Once we have at least one face rectangle, either using a CIDetector
or an OpenCV CascadeClassifier
, we can try to identify the person in the image.
Facial Recognition
OpenCV comes with three algorithms for recognizing faces: Eigenfaces, Fisherfaces, and Local Binary Patterns Histograms (LBPH). Please read the very informative OpenCV documentation if you would like to know how they work and how they differ from each other.
For the purposes of our demo app, we will be using the LBPH algorithm, mostly because it can be updated with user input without requiring a complete re-training every time a new person is added or a wrong recognition is corrected.

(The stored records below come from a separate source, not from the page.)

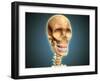 Human Skeleton Showing Teeth and Gums-null-Framed Art Print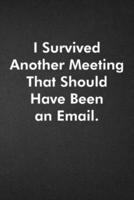 I Survived Another Meeting That Should Have Been An Email.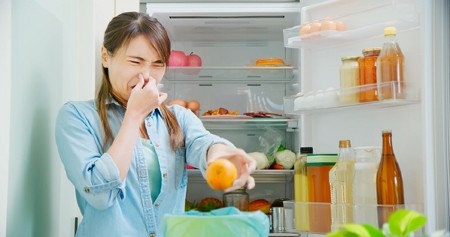 FRIŽIDER ĆE MIRISATI KAO BUKET CVEĆA Samo ubacite ove prirodne sastojke i neprijatan miris će nestati zauvek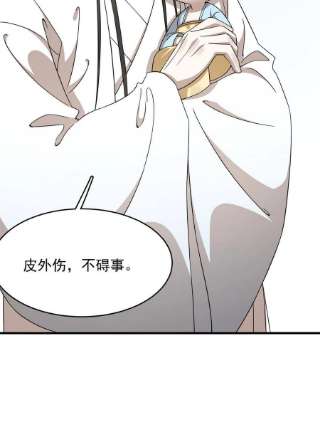 毒步天下：特工神医小兽妃345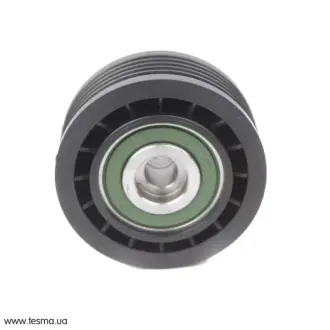 Ролик паразитный SOLGY 110061
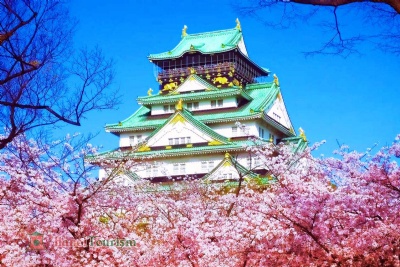 DU LỊCH NHẬT BẢN MÙA HOA ANH ĐÀO 2026: HÀ NỘI – TOKYO– PHÚ SĨ – KYOTO - OSAKA 6 ngày 5 đêm, bay VN (về sáng)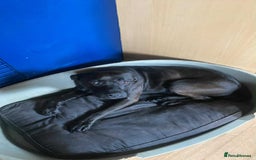 Mixed Breed dogs for sale: Bull lurcher crossed chocolate labrador  - Image 2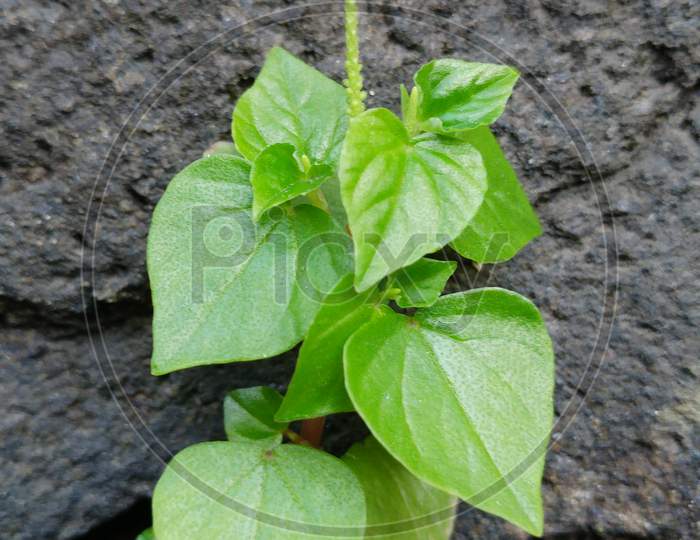 Peperoma Pellucida Plant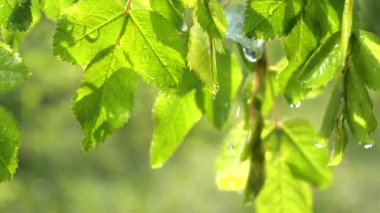 Doğada yaz aylarında yağmur damlaları ile yeşil yaprak rüzgar gelişir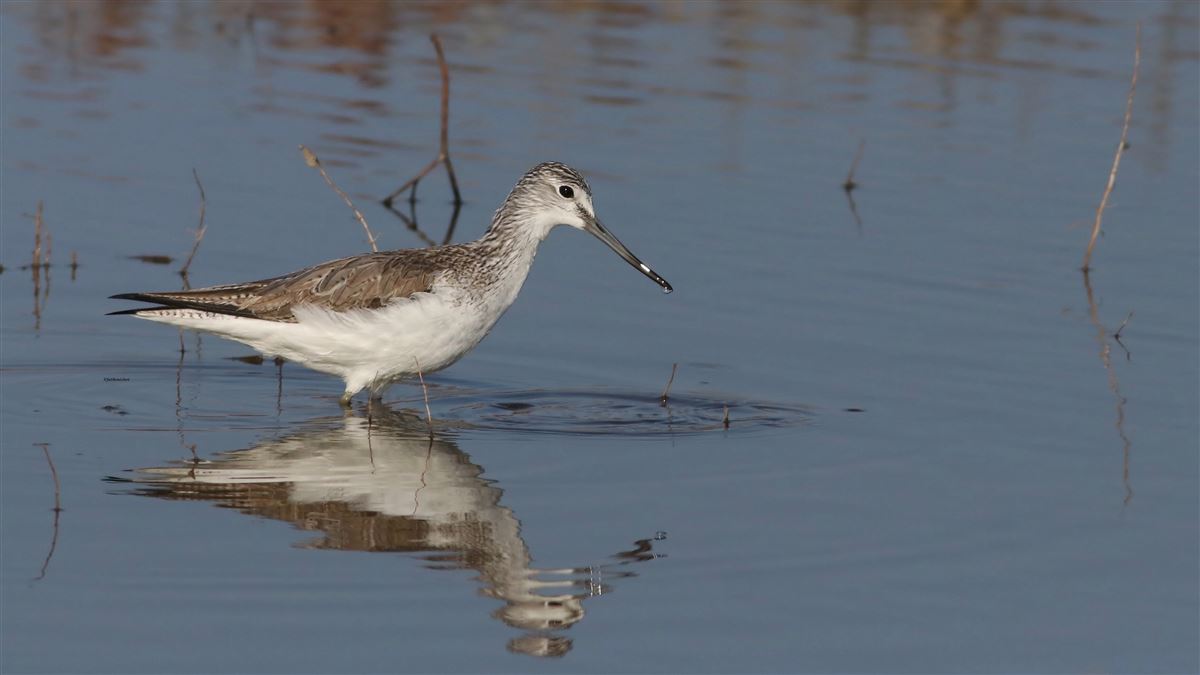 Common Greenshank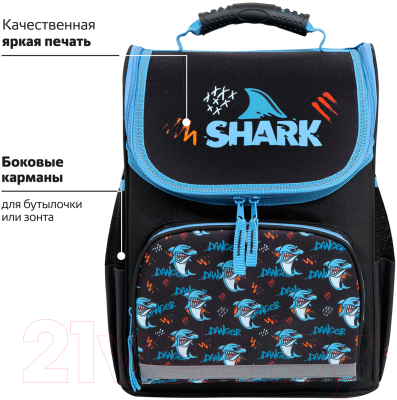 Школьный рюкзак Пифагор Basic. Angry Shark / 272044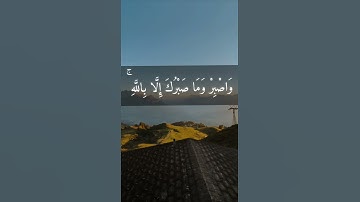 وَاصْبِرْ وَمَا صَبْرُكَ إِلَّا بِاللَّهِ وَلَا تَحْزَنْ عَلَيْهِمْ ...﴾ القارئ عبد الباسط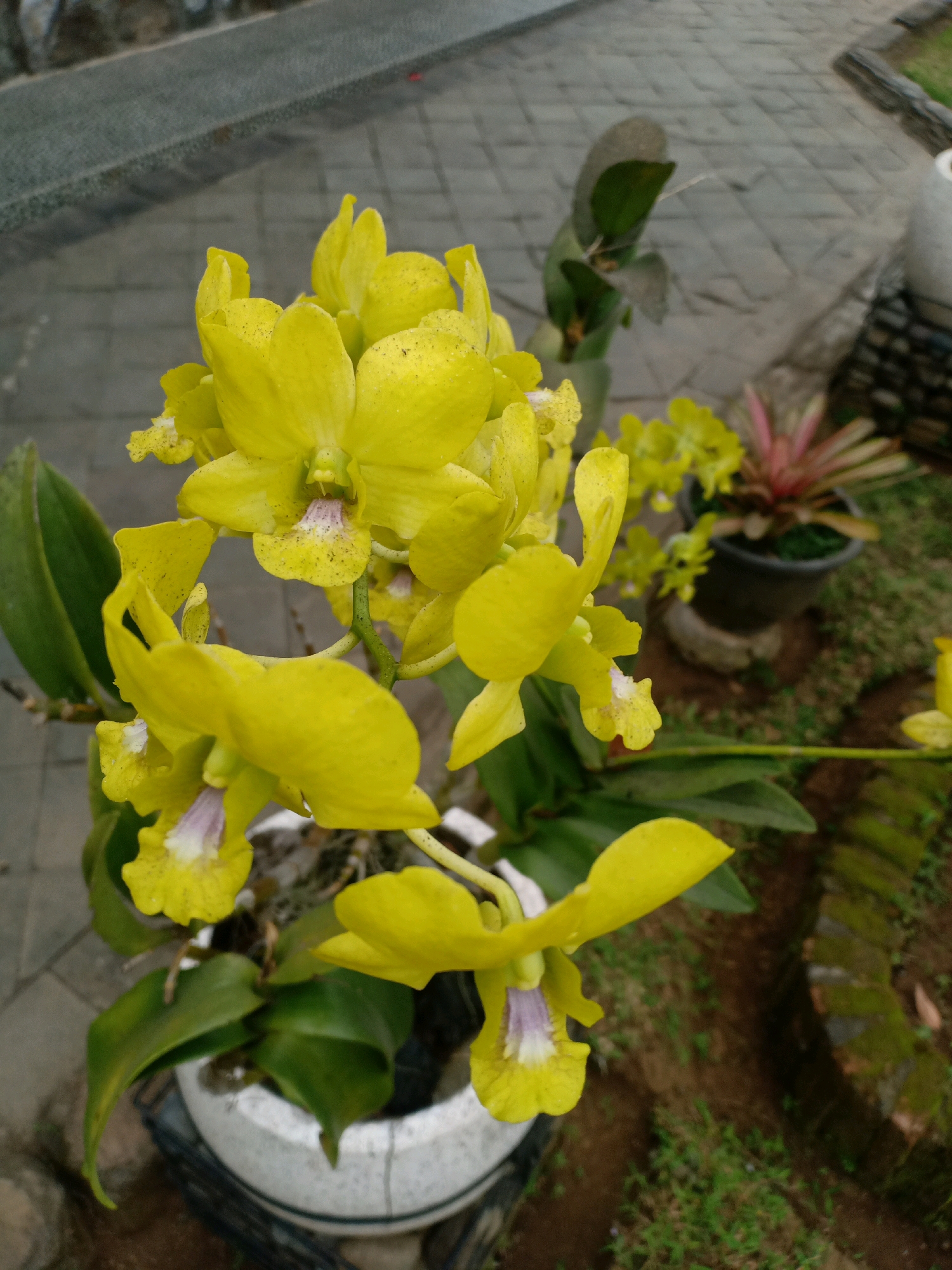 The image shows a cluster of bright yellow orchids with purple and white markings on their petals, growing in a white pot. The pot is placed on a paved pathway with a subtle gray and tan checkered pattern. In the background, there is soil with sparse green grass and a few other plants in pots, including a red and green plant. The scene appears to be outdoors, possibly in a garden or public space. The lighting suggests it is daytime. The overall setting suggests a location in Langkap, Indonesia, known for its tropical climate conducive to orchid cultivation.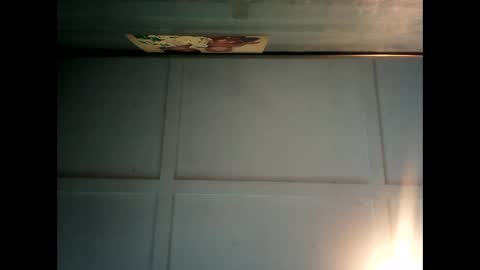 Warwick online show from 02.03.25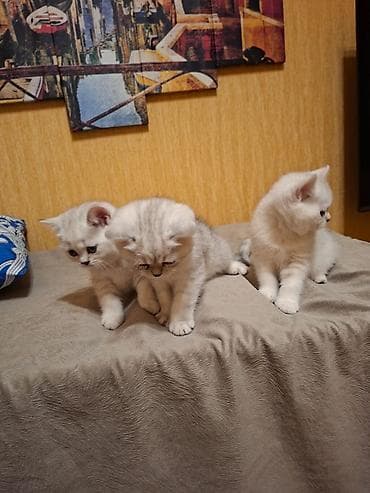 it pişik: Britan — 5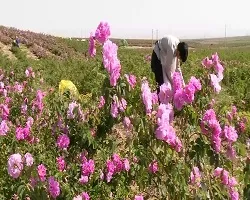 تولید سالانه بیش از 20 هزار تن گلاب در کاشان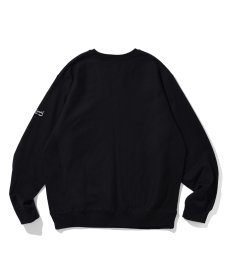画像5: PRILLMAL(プリルマル) / CHILL MOUNT !! CREW NECK SWEAT (5)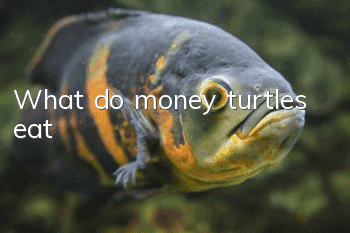 What do money turtles eat?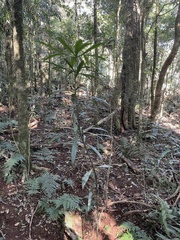 Anopterus macleayanus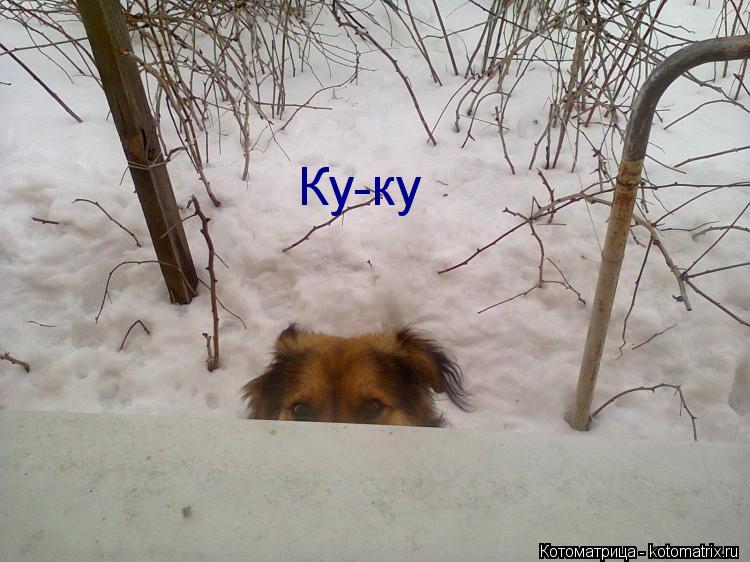 Ку-ку... Котоматрица: Ку-ку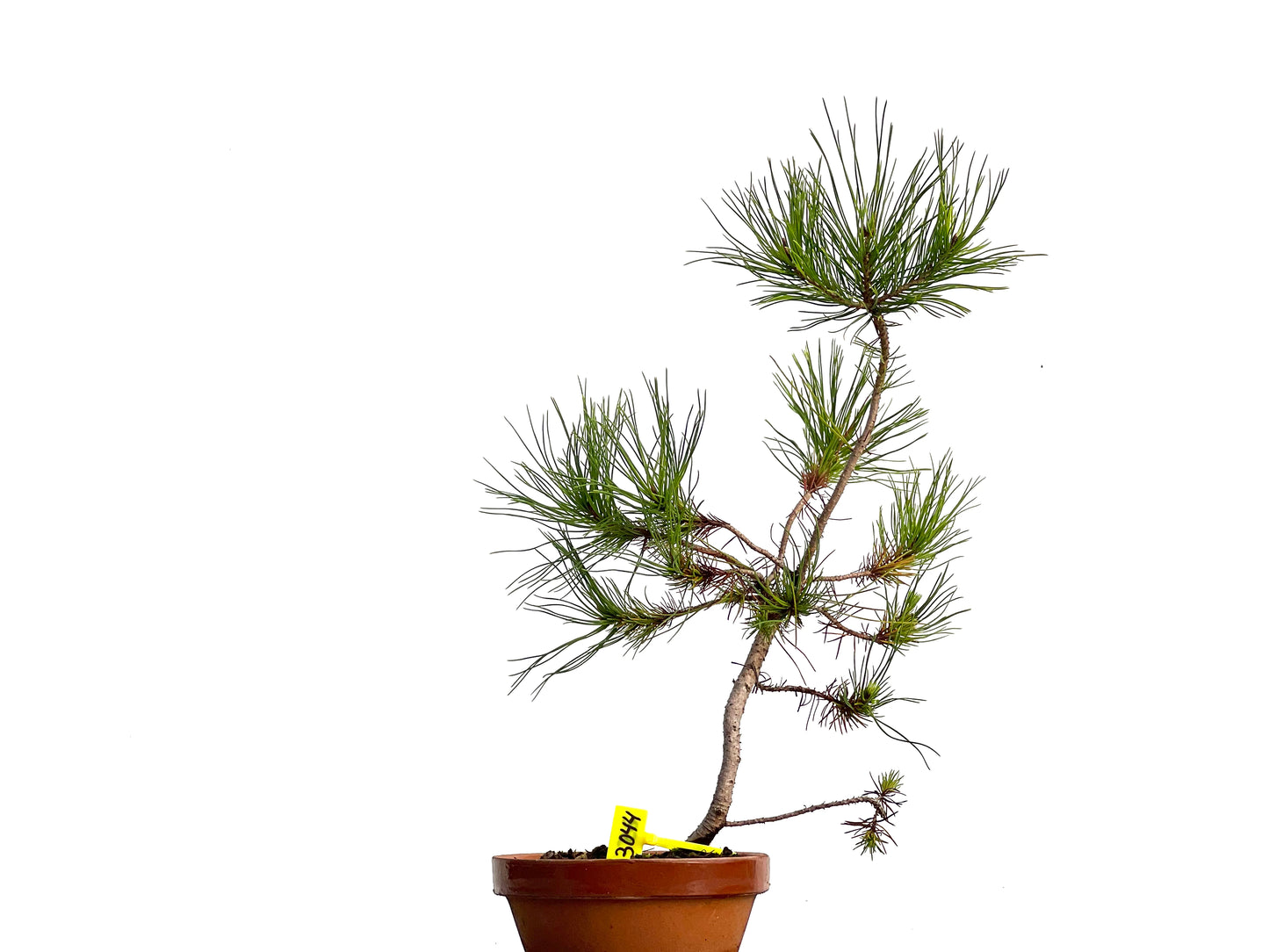 Pinus Pinea 3044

In order to use the LBPH recognizer, let's create an Objective-C++ wrapper for it, which exposes the following methods:
+ (FJFaceRecognizer *)faceRecognizerWithFile:(NSString *)path;
- (NSString *)predict:(UIImage*)img confidence:(double *)confidence;
- (void)updateWithFace:(UIImage *)img name:(NSString *)name;
Our factory method creates an LBPH instance like this:
+ (FJFaceRecognizer *)faceRecognizerWithFile:(NSString *)path {
FJFaceRecognizer *fr = [FJFaceRecognizer new];
fr->_faceClassifier = createLBPHFaceRecognizer();
fr->_faceClassifier->load(path.UTF8String);
return fr;
}
Prediction can be implemented as follows:
- (NSString *)predict:(UIImage*)img confidence:(double *)confidence {
cv::Mat src = [img cvMatRepresentationGray];
int label;
self->_faceClassifier->predict(src, label, *confidence);
return _labelsArray[label];
}
Please note that we had to convert from UIImage
to cv::Mat
through a category method. The conversion itself is quite straightforward and is achieved by creating a CGContextRef
using CGBitmapContextCreate
pointing to the data
pointer of a cv::Image
. When we draw our UIImage
on this bitmap context, the data
pointer of our cv::Image
is filled with the correct data. What's more interesting is that we are able to create an Objective-C++ category on an Objective-C class and it just works!
Additionally, the OpenCV face recognizer only supports integers as labels, but we would like to be able to use a person's name as a label, and have to implement a simple conversion between them through an NSArray
property.
Once the recognizer predicts a label for us, we present this label to the user. Then it's up to the user to give feedback to our recognizer. The user could either say, "Yes, that's correct!" or "No, this is person Y, not person X." In both cases, we can update our LBPH model to improve its performance in future predictions by updating our model with the face image and the correct label. Updating our facial recognizer with user feedback can be achieved by the following:
- (void)updateWithFace:(UIImage *)img name:(NSString *)name {
cv::Mat src = [img cvMatRepresentationGray];
NSInteger label = [_labelsArray indexOfObject:name];
if (label == NSNotFound) {
[_labelsArray addObject:name];
label = [_labelsArray indexOfObject:name];
}
vector<cv::Mat> images = vector<cv::Mat>();
images.push_back(src);
vector<int> labels = vector<int>();
labels.push_back((int)label);
self->_faceClassifier->update(images, labels);
}
Here again we do the conversion from UIImage
to cv::Mat
and from int
labels to NSString
labels. We also have to put our parameters into std::vector
instances, as expected by the OpenCV FaceRecognizer::update
API.
This "predict, get feedback, update cycle" is known as supervised learning in literature.
Conclusion
OpenCV is a very powerful and multi-faceted framework covering many fields which are still active research areas. Attempting to provide a fully detailed instruction manual in an article would be a fool's errand. Therefore, this article is meant to be a very high-level overview of the OpenCV framework. I attempted to cover some practical tips to integrate OpenCV in your iOS project, and went through a facial recognition example to show how OpenCV can be used in a real project. If you think OpenCV could help you for your project, the official OpenCV documentation is mostly very well written and very detailed. Go ahead and create the next big hit app!